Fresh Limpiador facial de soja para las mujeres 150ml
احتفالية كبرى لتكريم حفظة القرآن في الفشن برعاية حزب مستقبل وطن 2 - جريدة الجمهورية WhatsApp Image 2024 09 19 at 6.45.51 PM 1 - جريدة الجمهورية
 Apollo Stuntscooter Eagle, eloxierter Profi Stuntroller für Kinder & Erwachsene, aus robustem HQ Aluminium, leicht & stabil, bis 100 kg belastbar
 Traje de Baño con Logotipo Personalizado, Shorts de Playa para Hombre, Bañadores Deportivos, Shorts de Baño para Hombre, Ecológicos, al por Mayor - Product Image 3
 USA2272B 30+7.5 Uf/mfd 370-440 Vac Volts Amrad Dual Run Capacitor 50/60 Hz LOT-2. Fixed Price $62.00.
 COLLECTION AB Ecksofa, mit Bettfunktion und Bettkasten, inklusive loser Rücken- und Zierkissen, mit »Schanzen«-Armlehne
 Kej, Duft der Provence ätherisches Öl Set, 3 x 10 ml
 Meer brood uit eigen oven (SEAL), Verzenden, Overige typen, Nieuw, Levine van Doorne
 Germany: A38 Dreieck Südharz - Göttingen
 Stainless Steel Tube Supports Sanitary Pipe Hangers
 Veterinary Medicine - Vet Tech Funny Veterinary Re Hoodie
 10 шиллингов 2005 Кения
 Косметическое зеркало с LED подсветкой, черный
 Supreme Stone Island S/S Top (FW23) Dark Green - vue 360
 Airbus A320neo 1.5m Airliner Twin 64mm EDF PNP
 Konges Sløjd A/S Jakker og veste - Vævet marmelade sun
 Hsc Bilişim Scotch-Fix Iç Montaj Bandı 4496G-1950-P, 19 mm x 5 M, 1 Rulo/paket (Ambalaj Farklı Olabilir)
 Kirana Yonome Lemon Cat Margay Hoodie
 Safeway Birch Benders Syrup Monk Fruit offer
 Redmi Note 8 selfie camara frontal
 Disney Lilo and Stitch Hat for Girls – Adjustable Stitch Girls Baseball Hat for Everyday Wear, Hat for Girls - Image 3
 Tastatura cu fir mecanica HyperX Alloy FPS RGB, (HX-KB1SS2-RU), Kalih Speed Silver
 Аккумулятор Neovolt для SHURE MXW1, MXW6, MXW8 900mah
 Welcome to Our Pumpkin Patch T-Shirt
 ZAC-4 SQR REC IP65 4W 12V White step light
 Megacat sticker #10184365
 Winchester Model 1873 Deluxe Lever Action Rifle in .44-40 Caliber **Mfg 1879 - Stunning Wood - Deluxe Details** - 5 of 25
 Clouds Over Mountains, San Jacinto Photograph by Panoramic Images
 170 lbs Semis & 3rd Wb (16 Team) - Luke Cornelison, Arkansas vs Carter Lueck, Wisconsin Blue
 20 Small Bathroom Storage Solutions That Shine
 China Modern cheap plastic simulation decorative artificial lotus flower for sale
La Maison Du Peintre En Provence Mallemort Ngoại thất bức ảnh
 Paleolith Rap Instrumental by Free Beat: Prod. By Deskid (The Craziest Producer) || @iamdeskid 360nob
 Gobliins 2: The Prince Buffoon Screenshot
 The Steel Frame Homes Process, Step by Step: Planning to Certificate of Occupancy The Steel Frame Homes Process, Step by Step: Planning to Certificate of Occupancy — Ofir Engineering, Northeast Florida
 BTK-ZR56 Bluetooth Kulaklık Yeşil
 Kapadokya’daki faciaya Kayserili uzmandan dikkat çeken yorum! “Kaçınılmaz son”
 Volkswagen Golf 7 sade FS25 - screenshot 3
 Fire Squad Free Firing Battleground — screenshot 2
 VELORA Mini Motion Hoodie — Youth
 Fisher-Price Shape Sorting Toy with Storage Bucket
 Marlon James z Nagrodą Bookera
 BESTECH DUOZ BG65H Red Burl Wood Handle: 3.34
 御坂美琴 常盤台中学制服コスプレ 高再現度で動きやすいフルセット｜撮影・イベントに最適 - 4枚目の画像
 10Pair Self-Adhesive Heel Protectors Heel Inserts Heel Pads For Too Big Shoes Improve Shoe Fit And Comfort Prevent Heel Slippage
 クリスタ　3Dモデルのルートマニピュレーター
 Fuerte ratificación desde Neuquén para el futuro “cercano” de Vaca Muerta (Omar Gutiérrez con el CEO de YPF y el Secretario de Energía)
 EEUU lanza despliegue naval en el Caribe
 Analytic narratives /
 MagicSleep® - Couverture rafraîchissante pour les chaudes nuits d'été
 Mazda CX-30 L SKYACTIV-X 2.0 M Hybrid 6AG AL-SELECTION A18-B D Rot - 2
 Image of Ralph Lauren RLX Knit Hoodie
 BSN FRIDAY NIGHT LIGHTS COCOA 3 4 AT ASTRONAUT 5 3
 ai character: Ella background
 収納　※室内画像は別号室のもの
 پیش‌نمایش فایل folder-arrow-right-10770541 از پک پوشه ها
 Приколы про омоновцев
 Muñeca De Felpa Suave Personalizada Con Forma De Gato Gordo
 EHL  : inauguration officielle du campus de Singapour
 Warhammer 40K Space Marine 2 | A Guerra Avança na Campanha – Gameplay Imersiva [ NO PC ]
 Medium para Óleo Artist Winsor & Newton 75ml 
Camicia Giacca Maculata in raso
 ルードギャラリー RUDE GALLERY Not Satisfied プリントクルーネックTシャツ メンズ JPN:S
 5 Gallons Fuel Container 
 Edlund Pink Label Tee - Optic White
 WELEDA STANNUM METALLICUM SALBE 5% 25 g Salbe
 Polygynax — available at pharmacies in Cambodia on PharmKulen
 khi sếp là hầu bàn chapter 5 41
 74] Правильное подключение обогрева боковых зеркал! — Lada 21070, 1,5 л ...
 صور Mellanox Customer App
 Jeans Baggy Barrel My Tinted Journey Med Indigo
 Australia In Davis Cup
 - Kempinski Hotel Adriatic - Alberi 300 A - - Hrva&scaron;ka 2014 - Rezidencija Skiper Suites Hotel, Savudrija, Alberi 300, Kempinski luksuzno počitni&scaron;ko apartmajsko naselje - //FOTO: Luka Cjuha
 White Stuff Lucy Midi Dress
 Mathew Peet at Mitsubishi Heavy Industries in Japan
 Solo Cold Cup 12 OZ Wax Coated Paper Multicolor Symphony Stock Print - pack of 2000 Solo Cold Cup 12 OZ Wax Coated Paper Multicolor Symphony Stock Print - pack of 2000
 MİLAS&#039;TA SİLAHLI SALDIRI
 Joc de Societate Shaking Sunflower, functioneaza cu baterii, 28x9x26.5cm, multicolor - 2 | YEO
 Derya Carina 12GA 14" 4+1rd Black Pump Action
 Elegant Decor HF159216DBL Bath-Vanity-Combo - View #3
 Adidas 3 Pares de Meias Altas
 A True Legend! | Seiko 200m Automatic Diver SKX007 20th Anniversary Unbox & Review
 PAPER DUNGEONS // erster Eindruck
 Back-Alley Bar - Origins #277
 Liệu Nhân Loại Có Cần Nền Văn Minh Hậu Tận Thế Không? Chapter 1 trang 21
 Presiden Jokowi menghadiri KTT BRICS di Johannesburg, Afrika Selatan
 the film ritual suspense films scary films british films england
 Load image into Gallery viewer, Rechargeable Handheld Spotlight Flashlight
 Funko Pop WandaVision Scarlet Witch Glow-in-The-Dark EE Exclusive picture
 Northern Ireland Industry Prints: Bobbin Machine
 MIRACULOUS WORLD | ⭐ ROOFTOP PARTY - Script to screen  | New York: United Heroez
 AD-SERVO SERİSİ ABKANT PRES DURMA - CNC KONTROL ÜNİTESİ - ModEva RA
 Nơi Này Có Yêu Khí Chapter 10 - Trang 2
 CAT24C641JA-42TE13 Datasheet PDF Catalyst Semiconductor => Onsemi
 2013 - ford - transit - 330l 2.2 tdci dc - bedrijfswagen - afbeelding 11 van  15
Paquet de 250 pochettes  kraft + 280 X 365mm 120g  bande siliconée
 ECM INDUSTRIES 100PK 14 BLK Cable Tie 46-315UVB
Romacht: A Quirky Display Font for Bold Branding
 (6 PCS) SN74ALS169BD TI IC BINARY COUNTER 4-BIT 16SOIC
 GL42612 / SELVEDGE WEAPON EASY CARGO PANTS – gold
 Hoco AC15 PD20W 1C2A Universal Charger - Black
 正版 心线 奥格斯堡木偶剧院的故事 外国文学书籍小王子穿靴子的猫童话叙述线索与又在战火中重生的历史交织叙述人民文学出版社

- Your objective -
Out of the entries above, write out only the lines between the line holding "پیش‌نمایش فایل folder-arrow-right-10770541" and the line holding "Australia In Davis Cup", inclusive, each exactly as given.

- Response below -
 پیش‌نمایش فایل folder-arrow-right-10770541 از پک پوشه ها
 Приколы про омоновцев
 Muñeca De Felpa Suave Personalizada Con Forma De Gato Gordo
 EHL  : inauguration officielle du campus de Singapour
 Warhammer 40K Space Marine 2 | A Guerra Avança na Campanha – Gameplay Imersiva [ NO PC ]
 Medium para Óleo Artist Winsor & Newton 75ml 
Camicia Giacca Maculata in raso
 ルードギャラリー RUDE GALLERY Not Satisfied プリントクルーネックTシャツ メンズ JPN:S
 5 Gallons Fuel Container 
 Edlund Pink Label Tee - Optic White
 WELEDA STANNUM METALLICUM SALBE 5% 25 g Salbe
 Polygynax — available at pharmacies in Cambodia on PharmKulen
 khi sếp là hầu bàn chapter 5 41
 74] Правильное подключение обогрева боковых зеркал! — Lada 21070, 1,5 л ...
 صور Mellanox Customer App
 Jeans Baggy Barrel My Tinted Journey Med Indigo
 Australia In Davis Cup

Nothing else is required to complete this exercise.